İhracatta yaşanan problemler hakkında bilgi verir misiniz?

“Öyle gözle görülür çok büyük sorunlarımız yok. Ama örnek vermek gerekirse biz özellikle yurtdışında senede 30 civarı fuara katılıyoruz. Ve bu fuarlara devlet desteği ile katılıyoruz fakat bu destek son senelerde azalma gösteriyor. 2004 yılında devlet fuar yeri kira bedelinin %100 ünü öderken bu miktar 2005 yılında %65’e düştü. 2006 da ise %50’ye düşecek. Bu ciddi bir geri adım. Bu teşviklerin düşmesiyle ihracatla uğraşan firmaların fuarlara katılım oranı düşecektir.”
Yurtdışındaki büyük fuarları öncelikle Almanya’daki ISH fuarını değerlendirir misiniz?
ISH fuarı eskisi gibi rağbet görmüyor, gelen ziyaretçi eskisi gibi renkli değil. Almanya’ya sadece çevre ülkelerden insanlar ve tabii ki Almanlar geliyor. Biz ilk 2001 senesinde katılmıştık, o sene Arap Ülkelerinden, Rusya’dan ve Uzakdoğu’dan çok çeşitli bir ziyaretçi yelpazesi vardı. Fuar çok yoğun geçerdi. 2003’debu oran yarı yarıya düştü. Bu sene de oldukça sönük geçti. Bu belki de Almanların aldığı yaptırım kararlarından veya artık insanların Almanya yerine Türkiye’ye gelmesinden kaynaklanıyor. Biz Türkiye’deki fuarlara da katılıyoruz. Türkiye coğrafi konumu nedeniyle daha çok ziyaretçi çekiyor. Şirketler artık Almanya’ya gitme ihtiyacı duymuyorlar. Bu fuarın muadili olan İtalya fuarı ise ciddi anlamda kan kaybetti. Türkiye fuarının İtalya’nın yerini aldığını kesin söyleyebiliriz.”

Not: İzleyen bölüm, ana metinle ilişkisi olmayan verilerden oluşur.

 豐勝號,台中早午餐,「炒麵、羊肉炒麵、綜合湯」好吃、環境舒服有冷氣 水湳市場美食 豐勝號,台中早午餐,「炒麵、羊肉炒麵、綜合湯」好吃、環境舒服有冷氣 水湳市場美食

Eklemek istediğiniz konu var mı?

“Son olarak daha önceden de bahsetmiş olduğum ürün ve servis kalitesine tekrar değinmek istiyorum. Servis kalitesi ihracatta çok önemli bir faktör.

Servis kalitesi insanın oluşturmuş olduğu bir değerdir. Yani ihracatta çalışanların çok büyük etkisi vardır. Zira asıl kaynak insandır. Dolayısı ile çalıştığınız ekibin aldığınız sonuçlarda çok büyük etkisi vardır. Bu ekipteki insanların kalitesi sizin kalitenizi ve servis kalitesini ortaya koyar. Bizim hem departman olarak hem de firma olarak birlikte çalıştığımız ekibimiz çok kaliteli ve profesyonel kişilerden oluşuyor. Kaliteli insan faktörü de elbette işlerimizi olumlu yönde etkiliyor.”